UK government finances showed a large surplus last month after a surge in tax receipts but the figure missed official forecasts, putting further pressure on the chancellor before next month’s spring statement.
Official figures revealed that in January the UK earned £15.4bn more than it borrowed, marking the highest surplus for the month in more than 30 years.
However, this result missed expectations, with economists forecasting £21bn and the Office for Budget Responsibility (OBR) estimating £20.5bn.
The interest payable on central government debt stood at £6.5bn in January 2025, a £2bn increase from the same month last year, driven by high interest rates. This marks the second-highest January debt servicing cost since records began in 1997, trailing only January 2023's record bill.
The smaller-than-expected surplus has fuelled speculation that chancellor Rachel Reeves may have to either cut public spending or raise taxes further to meet her self-imposed fiscal targets.
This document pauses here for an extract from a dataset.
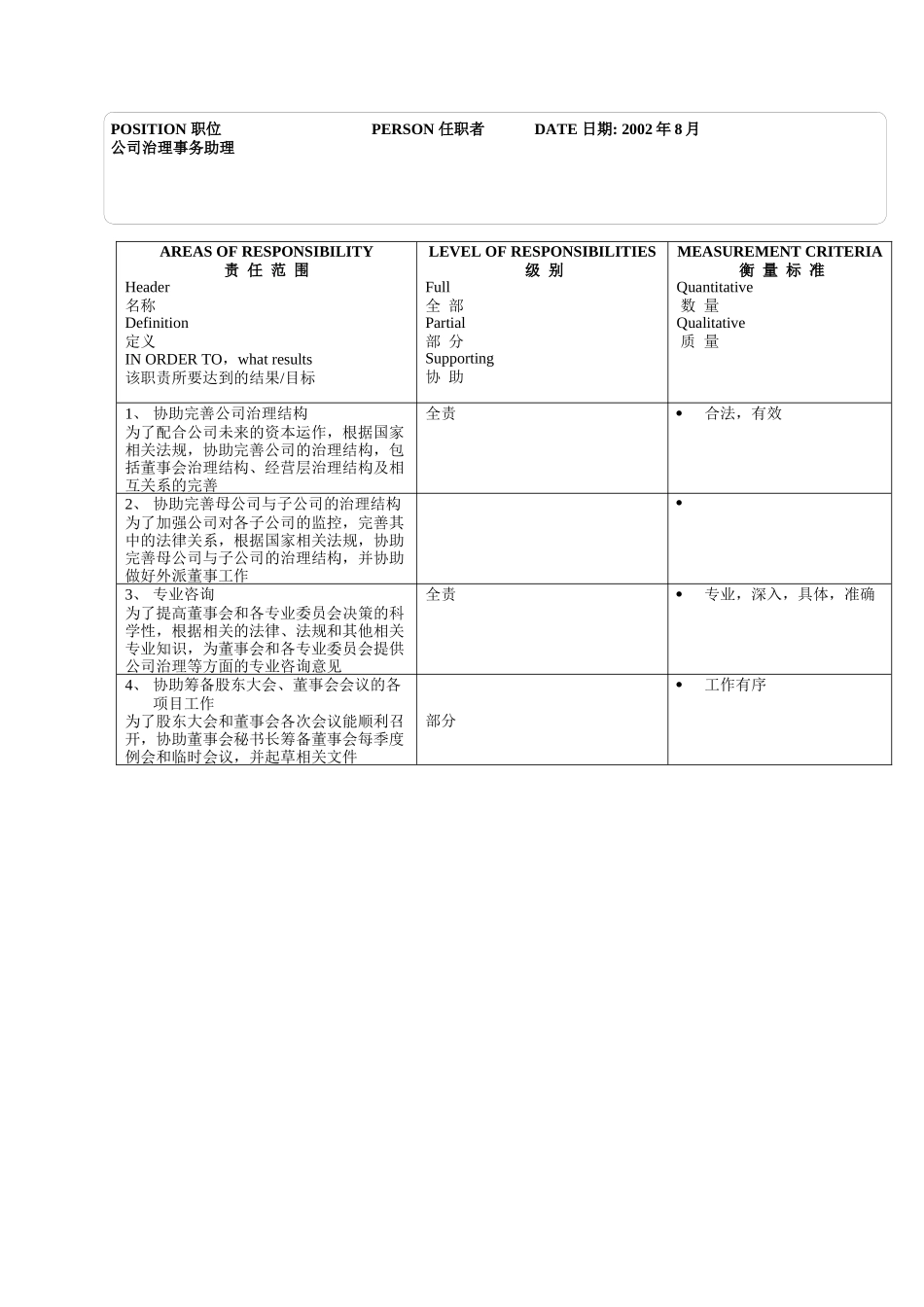 公司治理助理_第2页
Alex Kerr, an economist at the consultants Capital Economics, said January’s figures “will do nothing to reduce the chancellor’s challenges. Even before the ratcheting up of pressure on European governments to increase defence spending, the chancellor’s options ahead of the fiscal update next month were bleak.”
Reeves is due to present her spring statement to the House of Commons on 26 March, where she is expected to revise spending plans to remain within budgetary constraints.
Matt Swannell, chief economic advisor to the EY ITEM Club, said: “Even without the borrowing overshoot, the government only had about £10bn in fiscal headroom. Although market interest rates have fallen since their mid-January highs, the OBR’s updated forecasts at the end of March will likely show that the government is expected to make higher debt interest payments.
“This will reduce the chancellor’s margin for error, but potential changes to the OBR’s growth and inflation projections will probably determine whether the fiscal rules are met.”
Reeves’ first budget last year left her with just £9.9bn in headroom to meet a goal of balancing day-to-day spending and tax revenues by the 2029-30 financial year. This was despite announcing Britain’s largest tax hikes in decades. Since then, global borrowing costs have risen, and UK business sentiment and growth prospects have wavered, compounded by the uncertainty created by a £40bn tax rise and the trade tariffs introduced by US president Donald Trump.
Nabil Taleb, economist at PwC UK, said: “Borrowing costs remain under pressure as inflation proves stickier than expected, potentially slowing the Bank of England’s rate cuts and keeping debt servicing costs elevated.
“At the same time, Labour’s commitment to increased defence spending adds further fiscal strain. So far, Reeves has held the line on Labour’s pledges, but with limited fiscal headroom, holding that line will become increasingly challenging.”
A budget surplus often occurs at the start of the calendar year because self-assessed income and capital gains tax are due at the end of January. The ONS said receipts from these taxes of £36.2bn in January 2025 were £3.8bn more than a year earlier and the highest for January since monthly records began in 1999.
The Office for National Statistics (ONS) reported that borrowing for the financial year to January 2025 was £118.2bn — £11.8bn higher than the same period in 2023-24, and above the £105.4bn forecasted by the OBR in October.
Public sector net debt excluding public sector banks totalled 95.3% of annual gross domestic product in January, hovering around levels last seen in the early 1960s, the ONS said.
Darren Jones, chief secretary to the Treasury, said: “This government is committed to delivering economic stability and meeting our non-negotiable fiscal rules.
“We will never play fast and loose with the public finances, that’s why we’re going through every pound spent, line by line, for the first time in 17 years, ensuring every penny delivers on the country’s priorities in our plan for change.”
Fiscal rules are often self-imposed by governments to maintain credibility with financial markets. Speculation is growing that, if Reeves wants to avoid breaking her own fiscal framework, she may be forced to announce cuts in public spending or further tax rises.
However, the UK fiscal outlook could improve before the OBR’s final report in late March, this could still lead to the need for tax hikes or significant spending cuts.
Meanwhile, the UK’s income from inheritance tax is on track to reach a record this financial year, having risen by approximately 10%. HMRC data reveals that inheritance tax receipts for the period from April 2024 to January 2025 reached £7bn — £700m higher than the same period last year.
Helen Morrissey, pensions columnist at Yahoo Finance UK and head of retirement analysis at Hargreaves Lansdown, said: “The inheritance tax creep crawls ever higher, hitting £7bn so far this tax year. This puts it well on track to surpass the £7.5bn record that it hit a year earlier.
“With government plans to include pensions in the net for inheritance tax from 2027 and thresholds remaining frozen, the tax take is only going to get higher.”
Separate ONS figures showed a stronger recovery in retail sales than had been expected in January on the back of strong wage growth.